--- Action item ---
Begin the copy at the line containing "Binani’s ‘void’ declaration" in the data below and end it at the line containing "Ozdoba piankowa Craft-Fun", keeping each line exact and leaving out pictures.

--- Records supplied ---
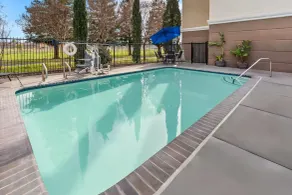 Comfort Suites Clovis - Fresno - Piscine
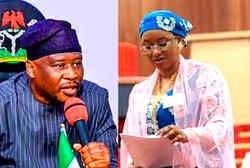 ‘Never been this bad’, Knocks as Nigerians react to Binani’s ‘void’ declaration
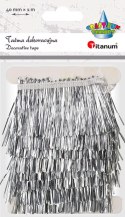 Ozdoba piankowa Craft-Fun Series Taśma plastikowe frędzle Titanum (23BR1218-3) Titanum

--

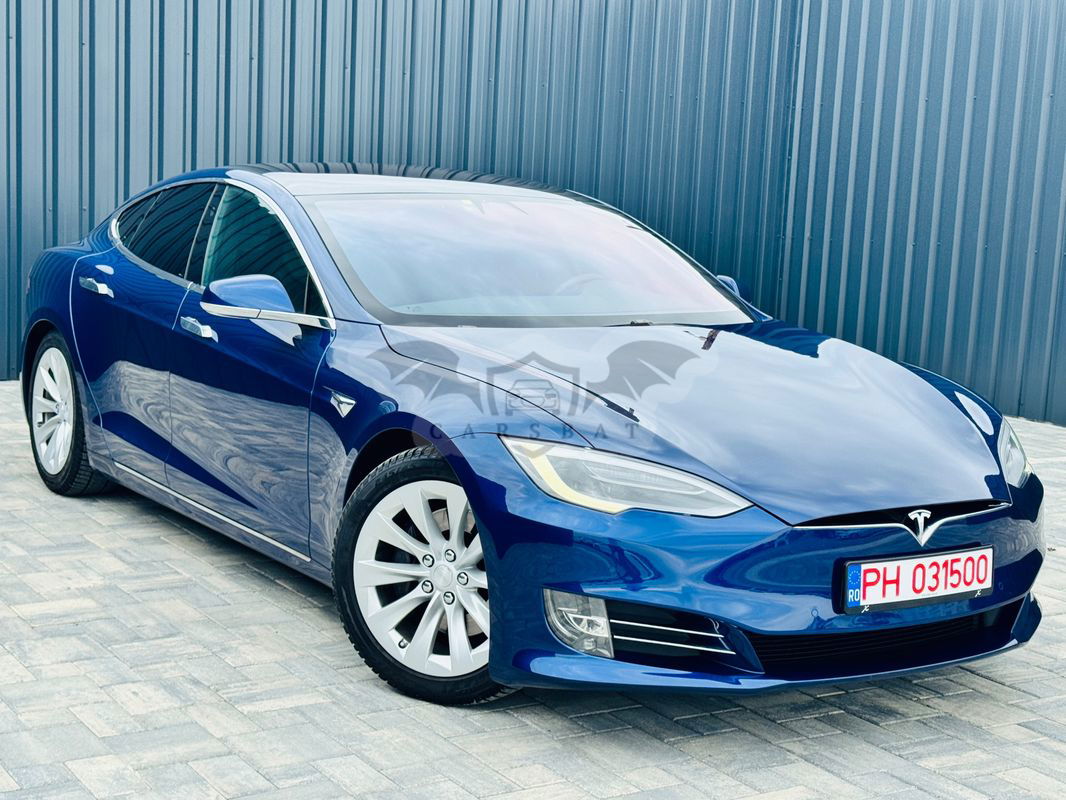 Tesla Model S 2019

--- Solution for this exercise ---
 ‘Never been this bad’, Knocks as Nigerians react to Binani’s ‘void’ declaration
 Ozdoba piankowa Craft-Fun Series Taśma plastikowe frędzle Titanum (23BR1218-3) Titanum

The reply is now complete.